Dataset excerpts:

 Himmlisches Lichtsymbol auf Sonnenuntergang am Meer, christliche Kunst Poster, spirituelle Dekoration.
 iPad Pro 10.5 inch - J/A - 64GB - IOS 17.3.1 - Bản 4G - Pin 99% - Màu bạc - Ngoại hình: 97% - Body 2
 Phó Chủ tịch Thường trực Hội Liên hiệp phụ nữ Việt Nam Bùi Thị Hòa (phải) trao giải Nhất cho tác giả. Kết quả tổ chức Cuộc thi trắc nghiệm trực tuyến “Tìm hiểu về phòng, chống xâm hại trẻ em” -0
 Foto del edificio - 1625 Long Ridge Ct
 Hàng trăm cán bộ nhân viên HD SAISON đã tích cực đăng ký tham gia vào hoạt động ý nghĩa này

Exercise brief:
Copy, without any change, the lines above from the one containing "Foto del edificio - 1625 Long Ridge Ct" to the end, both ends included. Add nothing else.

Task solution:
 Foto del edificio - 1625 Long Ridge Ct
 Hàng trăm cán bộ nhân viên HD SAISON đã tích cực đăng ký tham gia vào hoạt động ý nghĩa này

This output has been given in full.